Exercise requirements: Here the job is to print only the lines from the one containing "Дональд Трамп і" to the end of the entries, both included, exactly as they stand, with pictures excluded.

Supplied records:
------------------------------

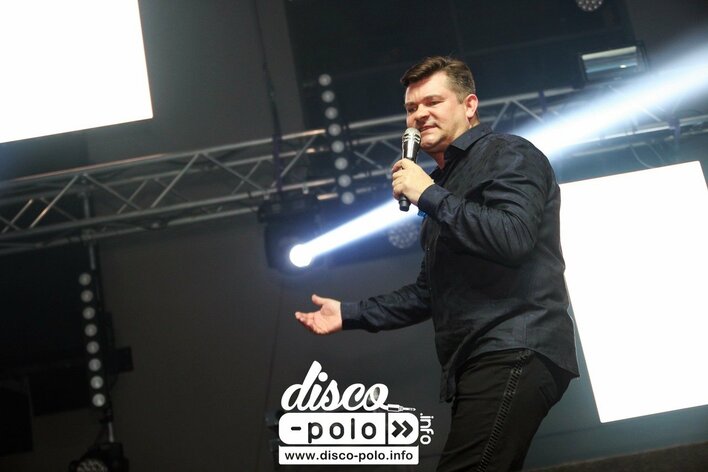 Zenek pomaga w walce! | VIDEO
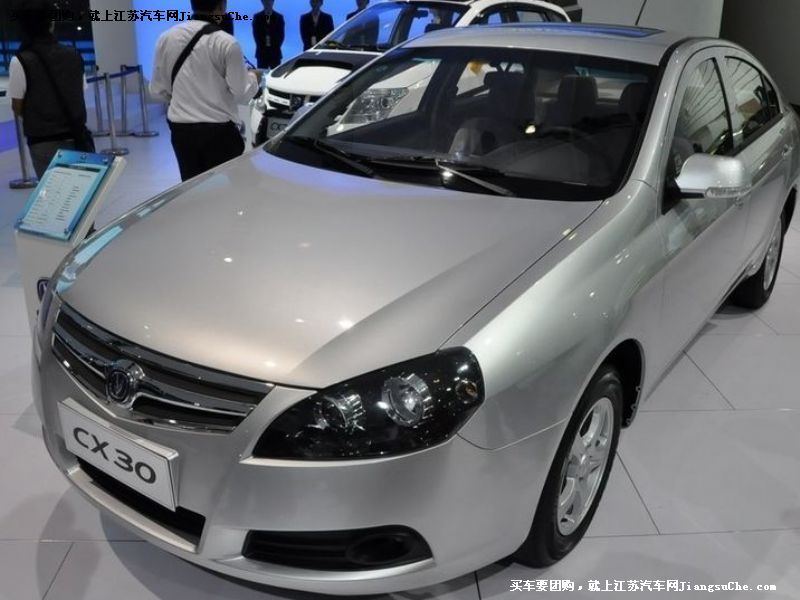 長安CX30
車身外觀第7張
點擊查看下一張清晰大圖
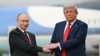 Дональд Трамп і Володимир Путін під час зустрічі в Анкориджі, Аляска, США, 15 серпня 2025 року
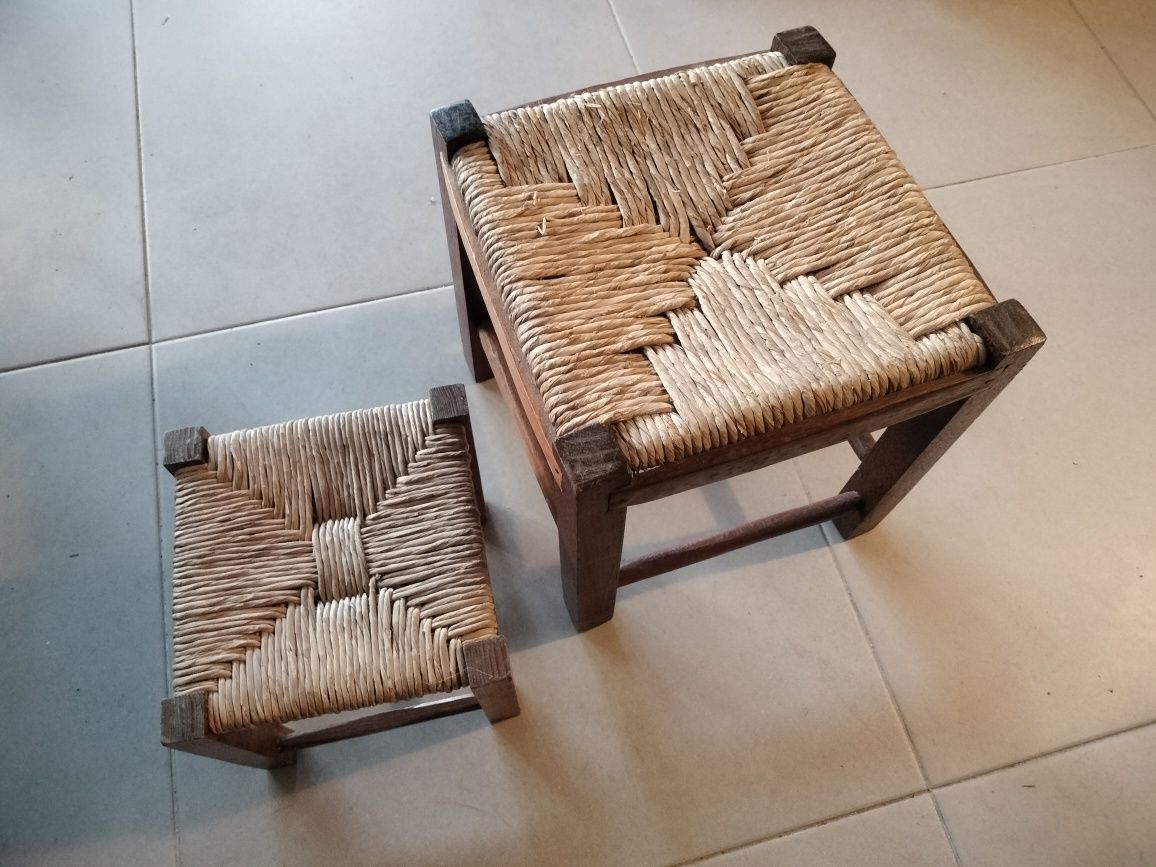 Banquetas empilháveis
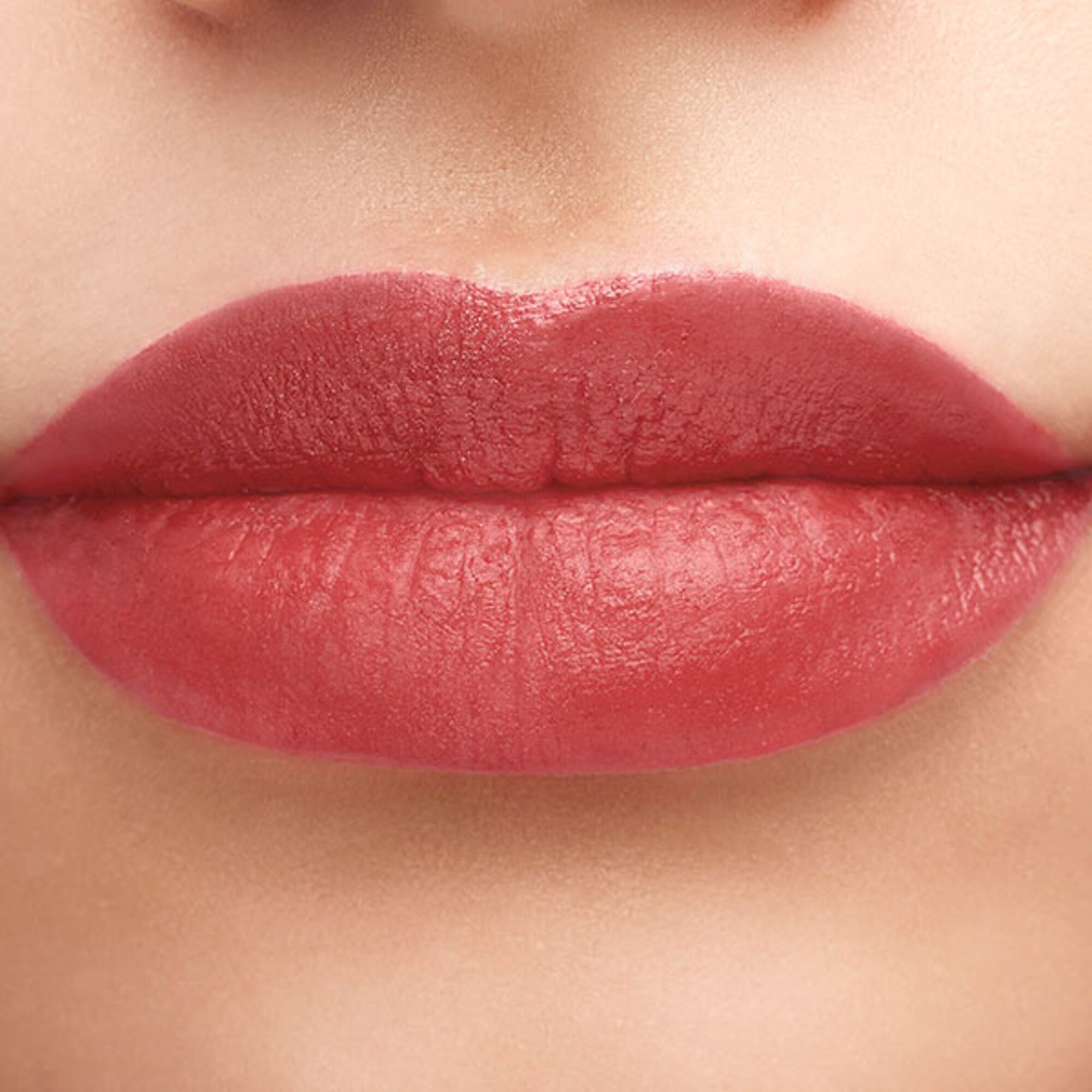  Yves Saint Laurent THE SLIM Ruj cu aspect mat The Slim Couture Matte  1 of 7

------------------------------

Completed task:
 Дональд Трамп і Володимир Путін під час зустрічі в Анкориджі, Аляска, США, 15 серпня 2025 року
 Banquetas empilháveis
  Yves Saint Laurent THE SLIM Ruj cu aspect mat The Slim Couture Matte  1 of 7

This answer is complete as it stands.